Cuando en 1787 Benjamín Franklin abandonaba el Salón de la Independencia en el último día de deliberaciones en la Convención Constitucional de los Estados Unidos, una mujer le preguntó: “Bueno, doctor, que tenemos, ¿una monarquía o una república? Franklin contestó: “Una república… si es capaz de mantenerla”.
En los años inmediatamente posteriores a la muerte del general Franco, se produjo en España un consenso popular que consideraba que la democracia era el sistema preferible de gobierno, es decir, la posibilidad de participar a través del sufragio universal -el voto de todos- en la gobernación del país.
De forma difusa pero certera, se percibió esa democracia traería un sistema de libertades -la de expresión, la de asociación, la libertad de movimiento -ahora suspendida-, la religiosa, la de emprendimiento, la política- y que democracia significaba también, que quienes mandaban han de responder ante la Ley como cualquier otro ciudadano.
Y, de pronto, un día, ese empuje “democratizador” dejó de estar vigente y la disputa política dio paso a un enfoque ideológico donde lo que unos pensaban y deseaban excluía a lo que pensaban y deseaban los otros. El consenso dio paso al enfrentamiento y desapareció el proyecto común: la España que unos tenían como proyecto se sentía como la negación de la España que deseaban otros. Y se resucitaron las polarizaciones, aprovechando que ya quedaba lejano el eco de la guerra fratricida.
El deseo de autonomía compatible con el de una unidad en la diversidad, fue sustituido con por el de independencia, donde el proyecto de una minoría -una Cataluña o un País Vasco independientes y soberanos- implicaba la destrucción del proyecto común de la mayoría -una España en la que todos los españoles tengamos los mismos derechos y deberes con independencia de nuestro lugar de origen-.

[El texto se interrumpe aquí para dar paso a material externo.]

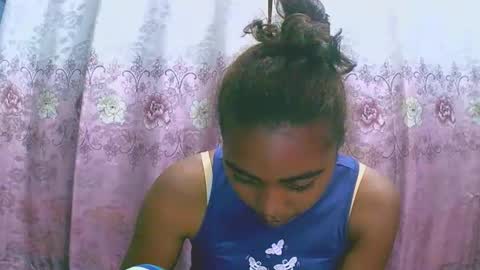 Rephaleta online show from March 10, 11:03 am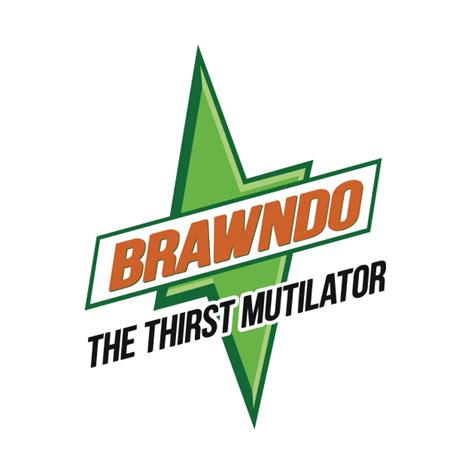 Idiocracy - Brawndo - Brawndo - T-Shirt | TeePublic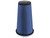 aFe ProHDuty Air Filters OER P5R A/F HD P5R Cone: 7.06F x 11.02B x 7T x 18.25H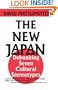 New Japan: Debunking Seven Cultural Stereotypes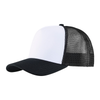 Blaklader 2079 Trucker cap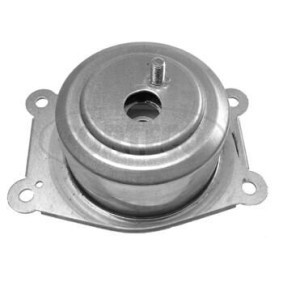 Achetez des Suspension, boîte automatique CORTECO 80000580 à prix pour 37,05 €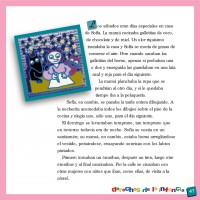 /album/cuento-con-vos/a051-jpg/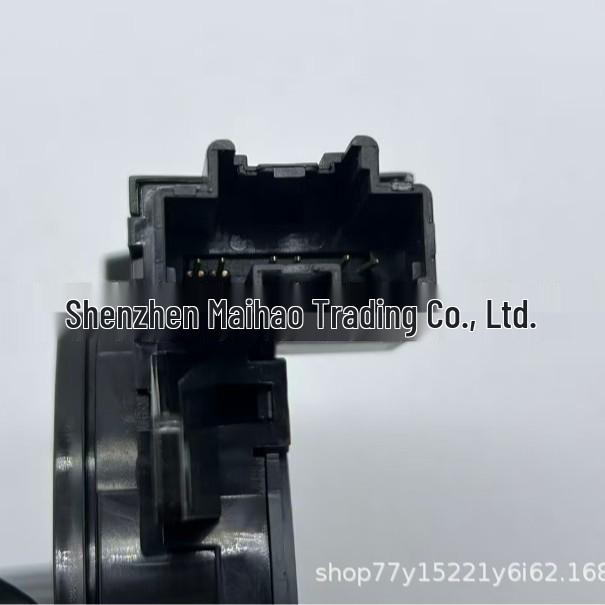 BV6T14A664AF BV6T-14A664-AF (no sensor) compatible with Ford Focus.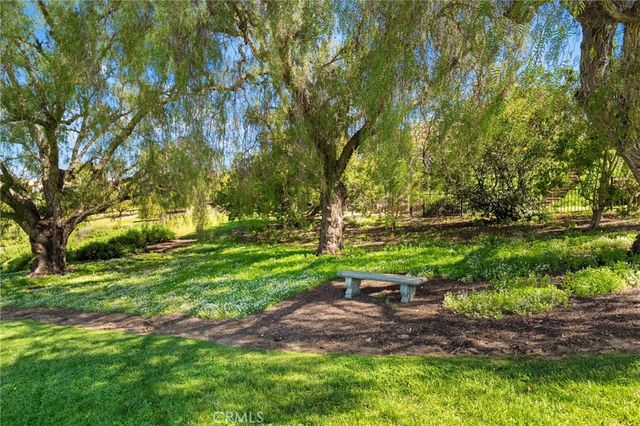 903 Crescent Bend, Fallbrook, CA 92028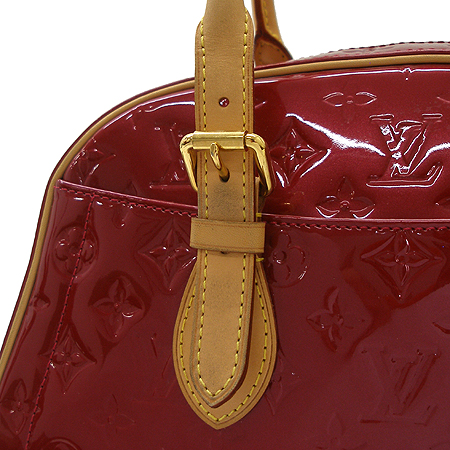 Louis Vuitton(���̺���) M93513 ���׷� ������ ���ٹ��� ���Ե���̺� ��Ʈ�� [��õ ������] �̹���5 - ���̺��� �߰���ǰ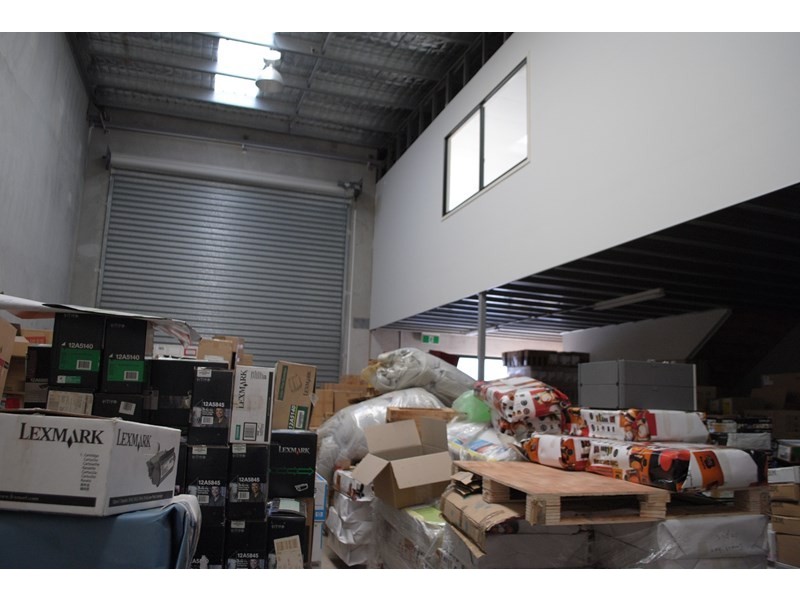 36/20-22 Ellerslie Road, Meadowbrook QLD 4131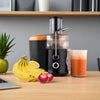 Self Cleaning Juicer a 304 LEU
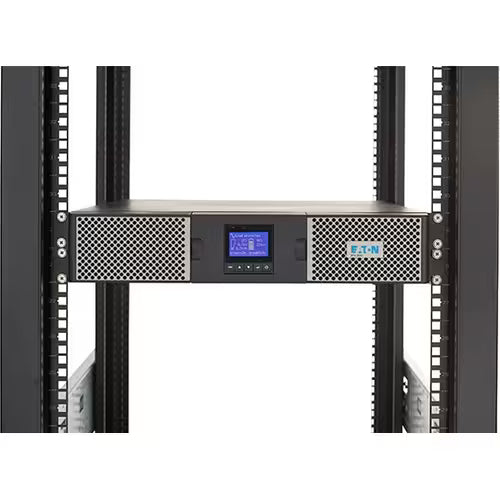 EATON 9PX 1500VA 1350W 208V OL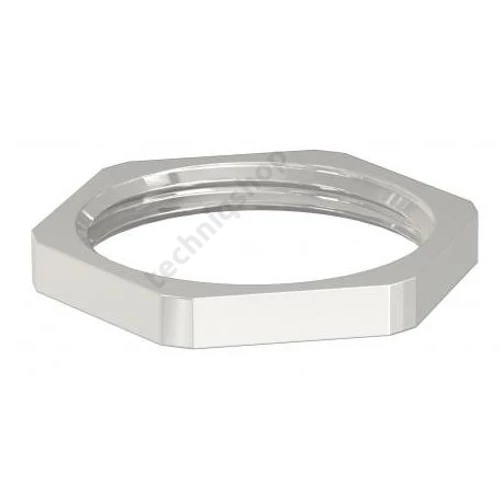 Anya M50*1.5 fém OBO-BETTERMANN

Los partidos, unos más que otros, le hicieron esto a la sociedad ayudados por una prensa en la que una reducida minoría se hacía multimillonaria, mientras la inmensa mayoría de periodistas de “a pie”, veían desmoronarse sus salarios más allá lo sucedido a cualquier otro colectivo profesional.
Sin una prensa de calidad garantizada por una profesión periodística bien formada y remunerada, eso que llamamos “Opinión Pública”, se resquebrajó y quedó ya en manos de la propaganda -a menudo disfrazada de información- y de la mentira interesada.
¿Seguimos deseando la democracia por encima de nuestras afinidades políticas o ya sólo buscamos el placer de que ganen los nuestros?
La afirmación de Franklin “si son capaces de conservarla”, nos interpela a cada uno hoy. ¿Seguimos deseando la democracia por encima de nuestras afinidades políticas o ya sólo buscamos el placer de que ganen los nuestros? Es una pregunta que solo podemos responder en nuestro interior estableciendo el nivel de prioridades de lo que realmente nos parece vital.
La democracia es, ante todo, responsabilidad -no es divertido, pero es así-, y el ejercicio del voto tiene que ser algo más que un “colocón” de reafirmación fanática -que viene de fan, de afín-, ha de ser el ejercicio, a veces incómodo, de sanción y recompensa que nos dote de los gobernantes que creemos más capaces, veraces y honestos.
Por supuesto que hay vida más allá de esta democracia de la que un día nos dotamos asombrando al mundo. Pero queda preguntarse, porque en ello nos va el presente y el futuro de este proyecto colectivo de 50 millones de personas que llamamos España, si seguimos siendo esos demócratas ilusionados, o estamos ya en otra cosa más hedonista e infantil. Porque el jolgorio tendrá un precio y cabe preguntarse si, de verdad, serán “los ricos”, como nos dicen, quienes van a correr con la factura.